The fourth puzzle explores the relative importance of their personal characteristics and behaviour compared to the context in which they work. Sometimes political leaders are frail humans afloat on a sea of storms and sometimes they survive at the helm when few thought that possible. They achieve policy reforms and social changes against the odds, and the inherited wisdom perishes. How do political leaders escape the dead hand of history?

The fifth puzzle wonders if the success of leaders stems from their special qualities or traits – the so-called ‘great man’ theory of leadership. However, we have to entertain the possibility that these allegedly ‘great’ leaders might have been just plain lucky; that is they get what they want without trying. They are ‘systematically lucky’.

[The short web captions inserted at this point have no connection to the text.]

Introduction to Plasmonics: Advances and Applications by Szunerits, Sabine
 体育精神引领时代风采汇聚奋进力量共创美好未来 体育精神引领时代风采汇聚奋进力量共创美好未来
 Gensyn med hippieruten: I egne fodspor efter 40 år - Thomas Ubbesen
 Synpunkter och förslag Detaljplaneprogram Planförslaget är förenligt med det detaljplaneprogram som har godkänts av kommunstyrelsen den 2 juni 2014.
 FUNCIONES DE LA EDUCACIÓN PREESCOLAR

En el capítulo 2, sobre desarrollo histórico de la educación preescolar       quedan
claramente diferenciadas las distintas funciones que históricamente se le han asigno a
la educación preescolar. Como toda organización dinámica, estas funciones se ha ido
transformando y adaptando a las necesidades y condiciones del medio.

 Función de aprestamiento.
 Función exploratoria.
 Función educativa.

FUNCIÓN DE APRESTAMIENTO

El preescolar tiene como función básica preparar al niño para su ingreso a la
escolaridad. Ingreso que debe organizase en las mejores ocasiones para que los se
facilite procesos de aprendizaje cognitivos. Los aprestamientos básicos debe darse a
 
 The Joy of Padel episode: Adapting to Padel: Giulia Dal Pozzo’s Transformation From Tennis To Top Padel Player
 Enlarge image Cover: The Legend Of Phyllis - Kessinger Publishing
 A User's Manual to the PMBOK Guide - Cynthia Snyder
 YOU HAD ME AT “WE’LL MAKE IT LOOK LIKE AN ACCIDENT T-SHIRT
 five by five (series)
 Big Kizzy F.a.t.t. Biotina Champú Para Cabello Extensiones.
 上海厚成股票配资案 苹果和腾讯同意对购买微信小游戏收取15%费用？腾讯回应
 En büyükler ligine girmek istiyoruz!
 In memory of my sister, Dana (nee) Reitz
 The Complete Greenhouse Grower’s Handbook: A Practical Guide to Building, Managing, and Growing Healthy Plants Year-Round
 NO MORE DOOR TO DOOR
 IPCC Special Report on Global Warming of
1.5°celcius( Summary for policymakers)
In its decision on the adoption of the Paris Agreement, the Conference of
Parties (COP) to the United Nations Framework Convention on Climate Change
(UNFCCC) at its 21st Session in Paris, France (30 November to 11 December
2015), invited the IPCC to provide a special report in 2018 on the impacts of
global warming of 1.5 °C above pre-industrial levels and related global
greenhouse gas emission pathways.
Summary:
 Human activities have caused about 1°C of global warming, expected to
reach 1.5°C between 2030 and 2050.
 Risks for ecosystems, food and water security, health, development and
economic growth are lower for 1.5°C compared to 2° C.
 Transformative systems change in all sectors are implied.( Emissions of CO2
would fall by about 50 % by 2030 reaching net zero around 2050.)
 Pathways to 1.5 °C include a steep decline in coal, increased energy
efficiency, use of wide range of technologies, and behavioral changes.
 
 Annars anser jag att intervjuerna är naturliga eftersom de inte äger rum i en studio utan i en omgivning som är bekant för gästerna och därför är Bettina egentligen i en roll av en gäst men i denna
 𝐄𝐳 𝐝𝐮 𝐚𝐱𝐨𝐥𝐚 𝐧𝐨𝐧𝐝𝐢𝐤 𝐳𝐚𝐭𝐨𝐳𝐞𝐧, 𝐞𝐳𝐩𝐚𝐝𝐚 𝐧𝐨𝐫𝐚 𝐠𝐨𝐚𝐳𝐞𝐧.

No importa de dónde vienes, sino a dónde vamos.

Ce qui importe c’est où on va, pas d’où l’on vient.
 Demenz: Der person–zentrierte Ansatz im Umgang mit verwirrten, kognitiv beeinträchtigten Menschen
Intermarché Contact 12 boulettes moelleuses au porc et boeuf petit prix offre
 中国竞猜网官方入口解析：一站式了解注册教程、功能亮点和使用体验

The sixth puzzle is about success and failure. How do we know when a political leader has been successful? The temptation is always to credit their success to their special qualities, but no public leader ever worked alone. Behind every ‘great’ leader are indispensable collaborators, advisers, mentors, and coalitions; the building blocks of the leader’s achievements.

Political leadership is both art and profession. Political leaders gain office promising to solve problems but more often than not they are defeated by our puzzles. There is no unified theory of leadership to guide them. There are too many definitions, and too many theories in too many disciplines. We do not agree on what leadership is, or how to study it, or even why we study it. The subject is not just beset by dichotomies; it is also multifaceted, and essentially contested. Leaders are beset by contingency and complexity, which is why so many leaders’ careers end in disappointment.

R. A. W. Rhodes and Paul ‘t Hart are the editors of The Oxford Handbook of Political Leadership. R. A. W. Rhodes is Professor of Government at both the University of Southampton (UK); and Griffith University (Brisbane, Australia). He is the author or editor of some 35 books including recently Lessons of Governing. A Profile of Prime Ministers’ Chiefs of Staff (with Anne Tiernan, Melbourne University Press 2014); and Everyday Life in British Government (Oxford University Press 2011). Paul ‘t Hart is Professor of Public Administration at the Utrecht School of Governance; associate Dean at The Netherlands School of Government in The Hague; and a core faculty member at the Australia New Zealand School of Government (ANZSOG). He is the author or editor of some 35 books including recently Understanding Public Leadership (Palgrave Macmillan 2014); and Prime Ministerial Leadership: Power, Parties and Performance (co-edited with James Walter and Paul Strangio (Oxford University Press, 2013).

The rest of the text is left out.